Hillel, T., Bierlaire, M., Elshafie, M., and Ying, J. (2018)

Validation of probabilistic classifiers

18th Swiss Transport Research Conference, Ascona, Switzerland

Non-parametric probabilistic classification models are increasingly being investigated as an alternative to Discrete Choice Models (DCMs), e.g. for predicting mode choice. There exist many strategies within the literature for model selection between DCMs, either through the testing of a null hypothesis, e.g. likelihood ratio, Wald, Lagrange Multiplier tests, or through the comparison of information criteria, e.g. Bayesian and Aikaike information criteria. However, these tests are only valid for parametric models, and cannot be applied to non-parametric classifiers. Typically, the performance of Machine Learning classifiers is validated by computing a performance metric on out-of-sample test data, either through cross validation or hold-out testing. Whilst bootstrapping can be used to investigate whether differences between test scores are stable under resampling, there are few studies within the literature investigating whether these differences are significant for non-parametric models.
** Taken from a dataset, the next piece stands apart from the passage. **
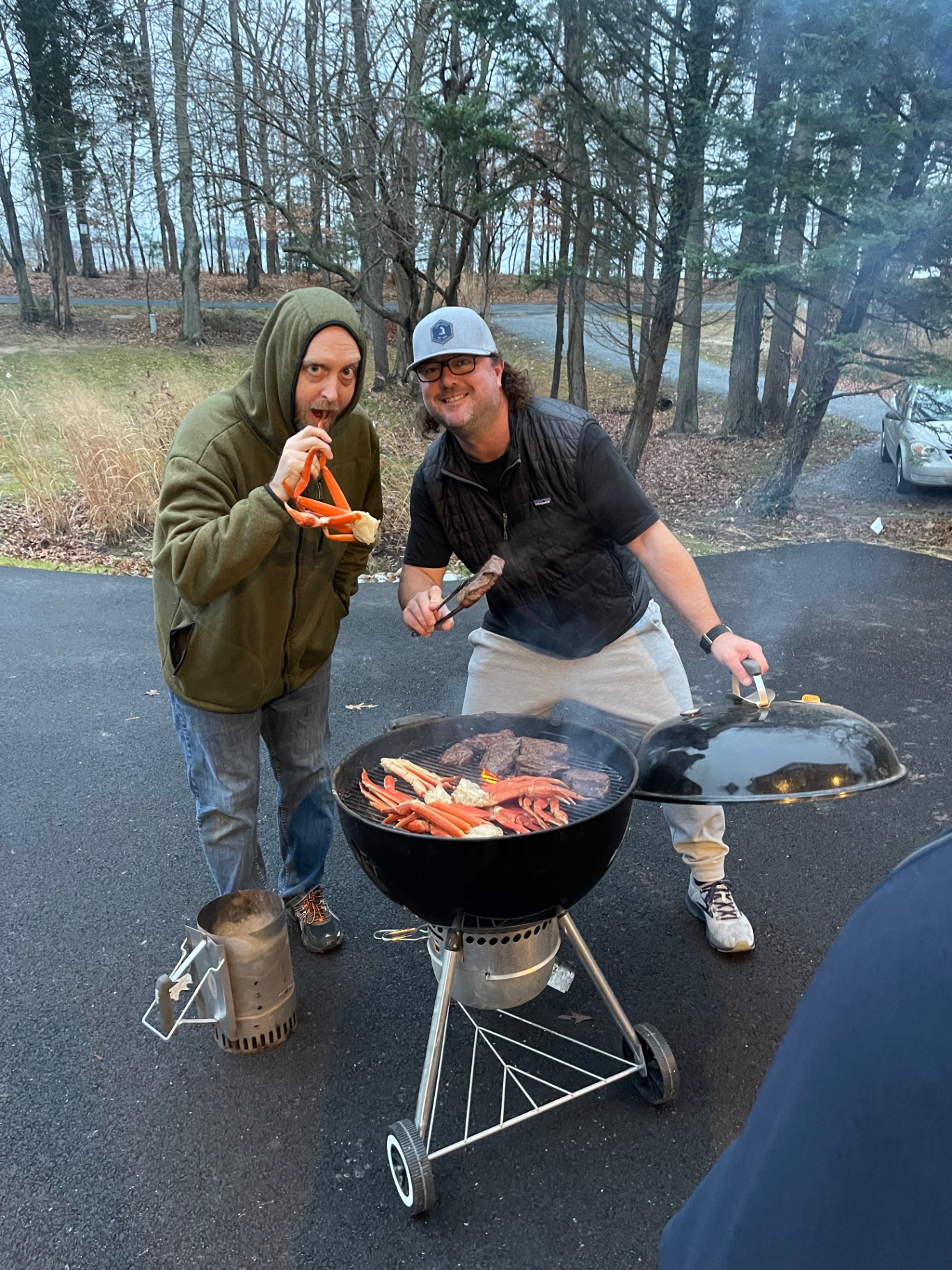 Two friends cooking crab legs and steaks over charcoal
To address this, in this paper we introduce three statistical tests which can be applied to both parametric and non-parametric probabilistic classification models. The first test considers the analytical distribution of the expected likelihood of a model given the true model. The second test uses similar analysis to determine the distribution of the Kullback-Leibler divergence between two models. The final test considers the convex combination of two classifiers under comparison. These tests allow ML classifiers to be compared directly, including with DCMs.